Une audience informelle était organisée au siège de l’ONU par le président de l’Assemblée générale des Nations Unies afin de permettre aux organisations de la société civile de contribuer, de par leurs connaissance et leur expérience de terrain, aux politiques institutionnelles relatives aux grands mouvements migratoires, au plan national et international. Dianova participait à cette audience, en même temps que plusieurs dizaines d’autres représentants de la société civile.

Nous sommes heureux et fiers de travailler dans une organisation qui, à l’exemple de Dianova Espagne, a su rapidement recentrer ses domaines d’intervention et créer deux programmes visant à accueillir et à protéger les migrants. Le centre d’accueil humanitaire de Dianova et le centre de protection internationale sont des exemples d’interventions inclusives, vouées de façon concrète à promouvoir les droits humains et à développer l’autonomie personnelle.

La voix de la société civile

"We Are All Immigrants"Les mouvements de migration actuels posent un défi commun aux différents états et exigent d’eux qu’ils trouvent les moyens d’y faire face. Par le biais des Nations Unies ou par tout autre moyen, nous demandons aux Etats de prendre en compte les principaux enjeux mis en avant par le Secrétaire général M. Ban Ki-Moon dans son important rapport sur les réfugiés et les migrants, en avril dernier. Ceci implique que ces mêmes Etats : 1.) les Etats s’engagent à traiter les causes profondes des flux de migration forcée ; 2.) qu’ils reconnaissent la responsabilité partagée des Etats et qu’ils apportent un soutien significatif et pluridimensionnel aux pays de destination ; et enfin, 3.) qu’ils placent la protection des droits humains des migrants et des réfugiés au cœur de toutes leurs politiques.

Au-delà du diagnostic et des recommandations délivrées par le Secrétaire général, il faut également souligner l’importance du rôle joué par les organisations de la société civile qui sont venues en aide aux victimes des flux actuels de migration forcée partout dans le monde.  La récente audience informelle qui s’est tenue aux Nations Unies n’a fait que mettre en évidence le fait que non seulement les gouvernements ne peuvent pas continuer à écarter la société civile de la table de discussion, mais aussi que ces mêmes organisations ont beaucoup à apporter aux discussions et aux pratiques dans ce domaine.

Pour ces raisons, nous souhaitons témoigner de l’empreinte historique laissée par la société civile au profit de la défense des droits humains des réfugiés et migrants, et présentons ci-dessous une compilation non exhaustive des observations et de recommandations faites par le groupe représentant la société civile lors de la récente audience.
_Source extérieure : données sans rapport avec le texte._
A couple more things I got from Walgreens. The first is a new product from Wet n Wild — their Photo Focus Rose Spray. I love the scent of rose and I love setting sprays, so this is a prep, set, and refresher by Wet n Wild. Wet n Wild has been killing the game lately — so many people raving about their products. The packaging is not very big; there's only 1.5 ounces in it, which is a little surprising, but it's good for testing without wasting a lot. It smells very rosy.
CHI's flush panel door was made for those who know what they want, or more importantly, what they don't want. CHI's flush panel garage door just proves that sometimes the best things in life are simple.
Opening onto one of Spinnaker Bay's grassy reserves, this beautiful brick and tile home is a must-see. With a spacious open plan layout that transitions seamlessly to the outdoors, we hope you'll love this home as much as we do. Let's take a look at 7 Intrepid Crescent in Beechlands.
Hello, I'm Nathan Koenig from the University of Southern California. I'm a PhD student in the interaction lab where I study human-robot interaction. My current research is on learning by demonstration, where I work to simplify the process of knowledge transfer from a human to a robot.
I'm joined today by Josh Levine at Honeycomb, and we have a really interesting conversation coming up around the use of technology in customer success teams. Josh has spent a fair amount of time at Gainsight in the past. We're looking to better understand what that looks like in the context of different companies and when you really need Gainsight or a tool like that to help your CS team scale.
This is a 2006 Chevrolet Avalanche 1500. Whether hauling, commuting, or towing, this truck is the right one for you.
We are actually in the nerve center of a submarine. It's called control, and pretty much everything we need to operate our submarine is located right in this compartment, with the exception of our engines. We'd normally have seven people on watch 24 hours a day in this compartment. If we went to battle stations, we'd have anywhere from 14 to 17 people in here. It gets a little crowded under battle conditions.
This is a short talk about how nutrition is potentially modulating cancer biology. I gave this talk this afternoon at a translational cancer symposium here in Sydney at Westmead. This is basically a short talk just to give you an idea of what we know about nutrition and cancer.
  • La xénophobie généralisée de la parole publique de certains dirigeants politiques, médias et d’une partie de la population des pays de destination, met en péril la bonne coordination des mouvements importants de réfugié et migrants. Pour résoudre ce problème, il est urgent de mettre des politiques de sensibilisation en œuvre. Actions possibles : 1.) cibler les faits afin de contrer ce discours – par exemple, selon une enquête mondiale d’Amnesty International, 80% des gens accueilleraient à bras ouverts les réfugiés fuyant les conflits et les régions en guerre (données globales). 2.) Promouvoir l’empathie – encourager les interactions, en particulier avec les enfants ; raconter leurs histoires (pourquoi ils ont quitté leur pays d’origine, comment ils y vivaient, qui ils sont, qui sont leur famille) ; impliquer les leaders de votre communauté ; etc. 3.) Changer le discours officiel en soulignant les aspects positifs de l’immigration – les importants flux migratoires ne représentent pas seulement un problème ou un défi à relever, ce sont aussi des opportunités car les réfugiés et les migrants contribuent au développement des pays et des communautés.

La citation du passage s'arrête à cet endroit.